I am using this biopython script from this post, first answer written by Eric. The post was very old so I am adding a new post for it. the script take ids from a .txt file and extracts their corresponding sequences from another fasta file. But I've a problem here, the ids i am extracting lies in the description whereas the script searches just the first word after > sign. how do I change it so that it can look for the ids i am providing in the header description. I tried changing it myself after reading the comments but I think I am doing it wrong. my .txt id file look like this:
TRIAE_CS42_1AL_TGACv1_000062_AA0001
TRIAE_CS42_1AL_TGACv1_000089_AA0002
TRIAE_CS42_1AL_TGACv1_000099_AA0003
TRIAE_CS42_1AL_TGACv1_000110_AA0004
TRIAE_CS42_1AL_TGACv1_000140_AA0005
The header in the fasta file looks like this:
>TRIAE_CS42_U_TGACv1_641895_AA2106830.1 pep scaffold:TGACv1:TGACv1_scaffold_641895_U:99996:109837:1 gene:TRIAE_CS42_U_TGACv1_000110_AA0004 transcript:TRIAE_CS42_U_TGACv1_641895_AA2106830.1 gene_biotype:protein_coding transcript_biotype:protein_coding
so, are the list gene names?
The list are gene ids And the fasta file have protein sequences which have the gene id written in the header description
above solution should work.
This worked very well. It was so easy. Can you explain what does this "gene:([^ ]+)" mean. In the tool help I found this line:
--id-regexp string regular expression for parsing ID (default "^([^\s]+)\s?") what does the symbols mean?
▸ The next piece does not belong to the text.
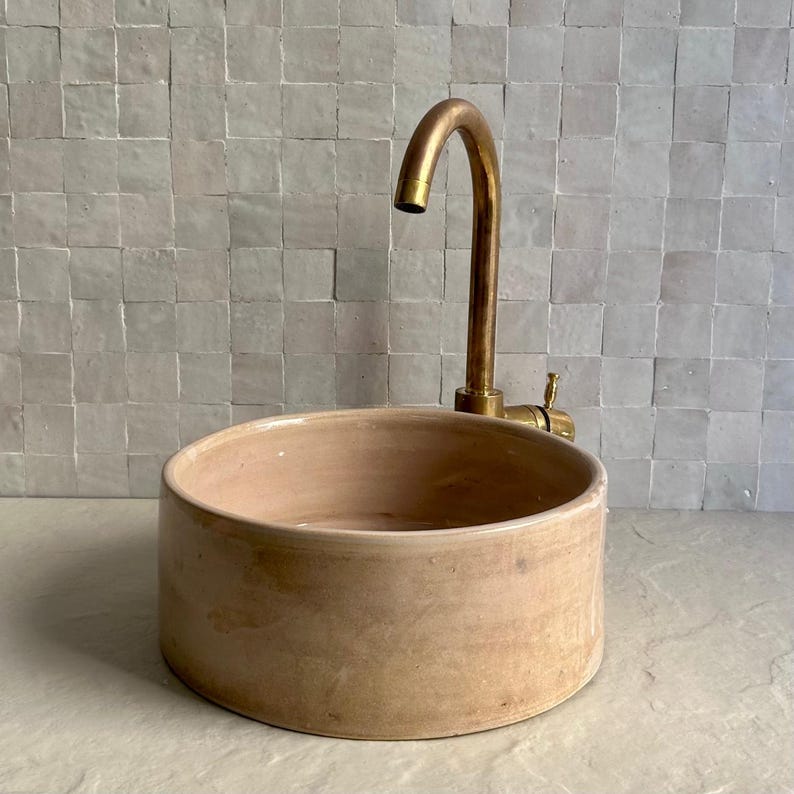 A round, light brown ceramic sink with a brass faucet. The sink has a simple, minimalist design. The faucet is curved and has a single handle. The background is a light-colored tile wall.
Test using regular expression tester page.
Thanks, this was really important for me to see.
it's a regular expression for matching "gene:xxxxx", 、
[^ ]+
is for gene id consisting of non-space characters, and seqkit has to use()
to capture the xxx as FASTA ID.ashish : I moved @shenwei356's comment to an answer. Since it worked for you, please accept the answer (use green check mark) to provide closure for this question.